The artist began this series after a residency at the Contemporary African Museum in Marrakech, Morocco, where travels to the Atlas Mountains and desert terrain evoked an immediate sense of recognition and belonging. Upon returning home, Pope continued her journey to the Abiquiú region of New Mexico, a site that carries familial resonance for the artist, where summers were spent by her father and grandmother. Together, these experiences, while separated by geography, awakened a mystical stillness inside the body, initiating a broader connection to the universality of the landscape. While Pope’s earlier works centered the physical body as a site of identity, vulnerability, and care, from her early work with underrepresented youth, to deeply personal reflections on love and family, to her celebrations of the female body, these new landscapes suggest the body has not disappeared but expanded, shifting from the visibility of the figure toward a more esoteric understanding of how human experience is embedded within the landscape.
Drawing from modernist painting, slow cinema, and contemplative poetry, the works approach landscape as a site where emotional, geological, and psychological states converge.
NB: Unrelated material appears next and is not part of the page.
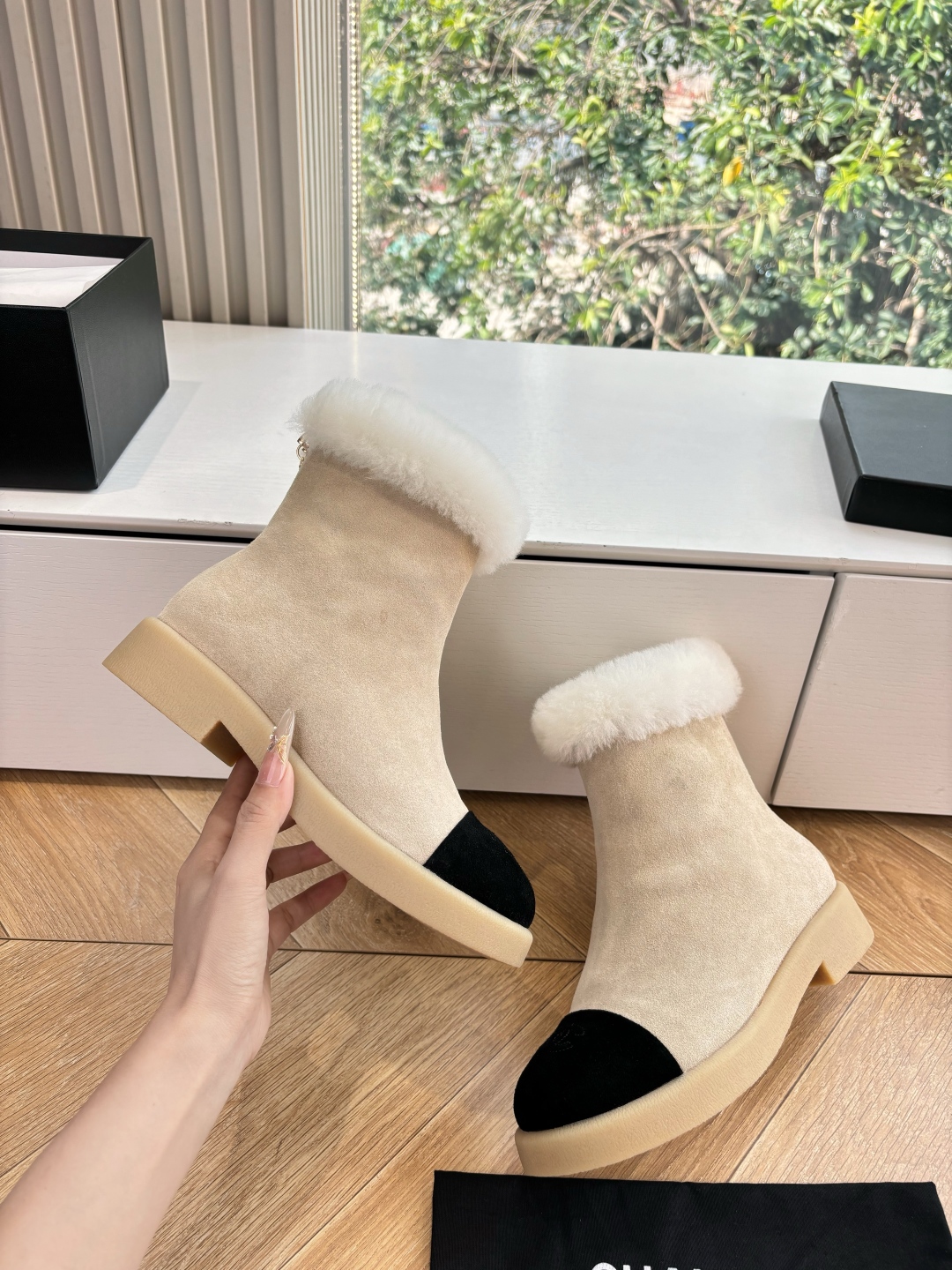 Bagsaaa Ch**el Shearling Short Boots beige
Art historically, Pope draws from traditions that understand landscape not as scenery but as a living presence. Like Georgia O’Keefe, Pope’s landscapes strip away narrative figures to focus instead on the inner architecture of place. The compositional clarity of Pope’s landscapes also recalls Roger Brown’s distinctive visual language, particularly his use of stacked horizons, simplified forms, and rhythmic patterning. Materially and formally, the works embrace a process of attentive listening. Shapes derived from photographic studies are reworked through memory and intuition, becoming compositions that emphasize rhythm, vibration, and the relational nature of color and texture. Unfolding in undulating strata, layers of ochre, sand, umber, and clay mix with unexpected bands of lavender, pink, sage, and deep green, suggesting both environmental time and a thoughtful color sensibility. The artist describes the process as closer to composing music than painting: each mountain functions as an instrument, its tones and tactile surfaces forming part of a larger symphony of land, light, and archeological record. Here, Pope’s wool fibers act almost as sediment deposits, a buildup only achieved by slow labor – literal time embedded in material.
The title, ALL THERE IS, refers to a personal family story; words that were carved by the artist’s grandmother inside the wedding band of her grandfather. These words are a small but profound gesture that holds both intimacy and universality, and a candid confrontation to the bare truth of it all: that beneath the layers of narrative, culture, and history, the land remains vast, silent, and enduring. Here, Pope translates the emotional concerns that have long defined her practice, from intimacy, vulnerability, caregiving, and connection into geological form, where layered terrains become metaphors for the ways love accumulates, transforms, and endures.